* _Problem_
Every line from the one containing "Материнская плата GIGABYTE" to the end of the records below should be returned exactly; pictures are to be dropped.

START Entries shown

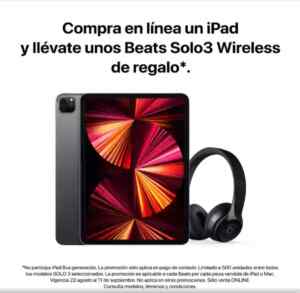 Imagen de la promo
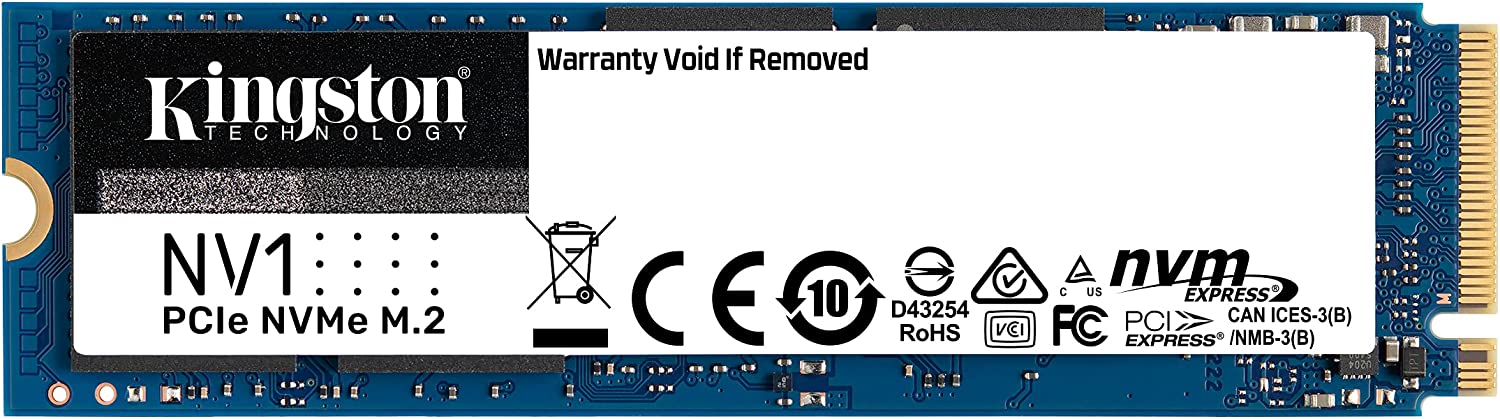 KINGSTON NV1 1TB NVME M.2 SSD-SOLID STATE DRIVE-Makotek Computers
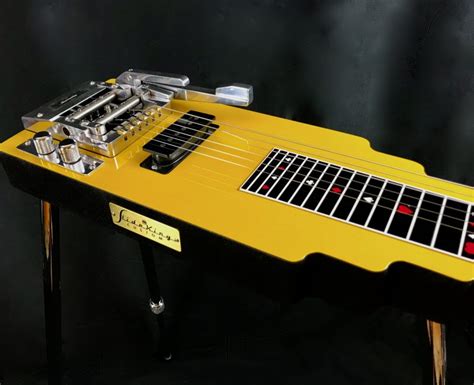 Lap Steel with Dual Levers Bending System - SlideKing LS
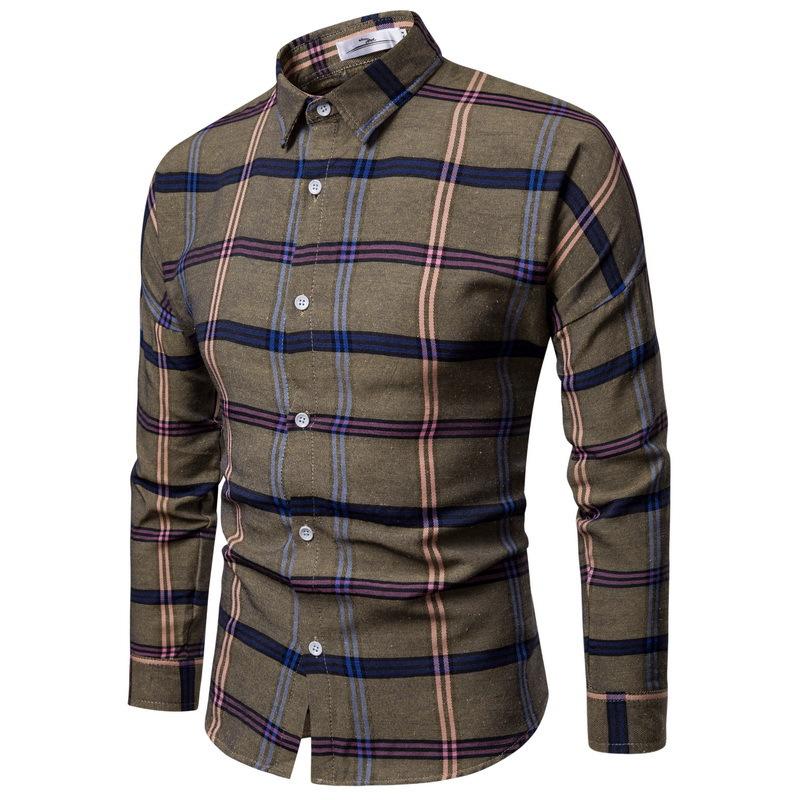 Tops | Mens Hogside Tartan  Shirt Clothing Mens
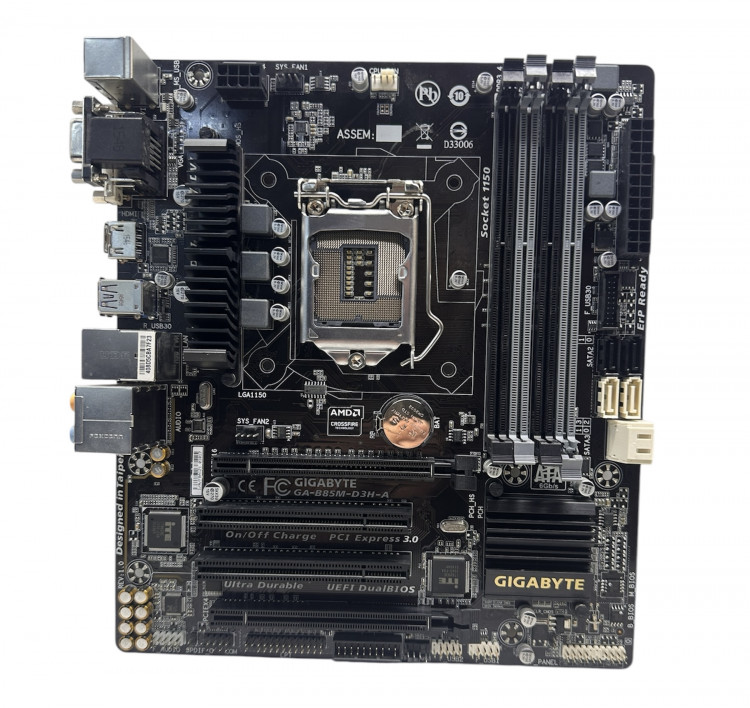 Материнская плата GIGABYTE GA-B85M-D3H-A Socket 1150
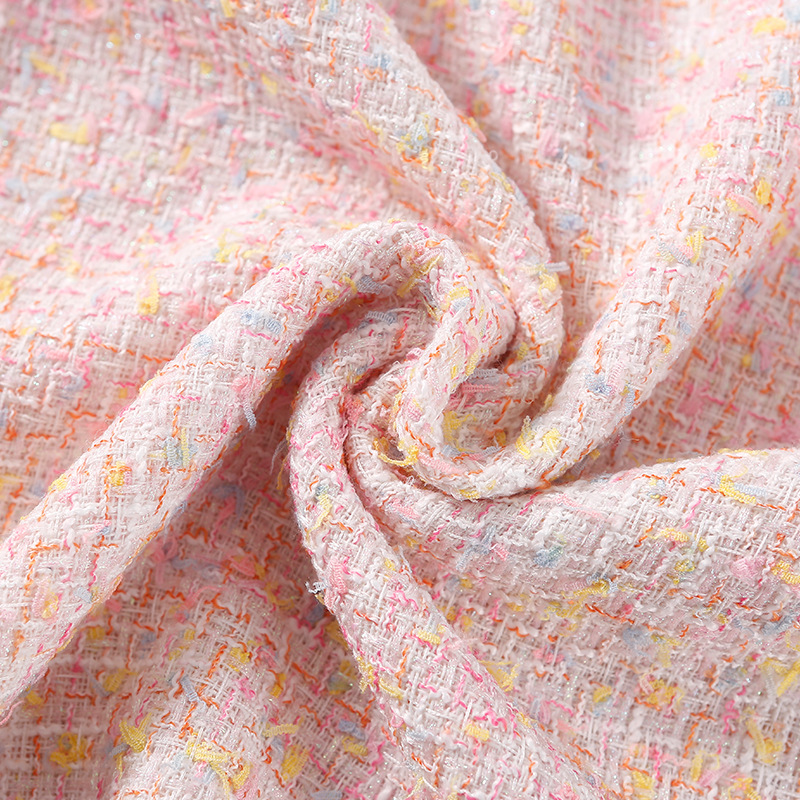 Luxe Tweed stof Boucle stof vo - Sewing Tweed Fabric recensie en prijs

END Entries shown

* _Result_
 Материнская плата GIGABYTE GA-B85M-D3H-A Socket 1150
 Luxe Tweed stof Boucle stof vo - Sewing Tweed Fabric recensie en prijs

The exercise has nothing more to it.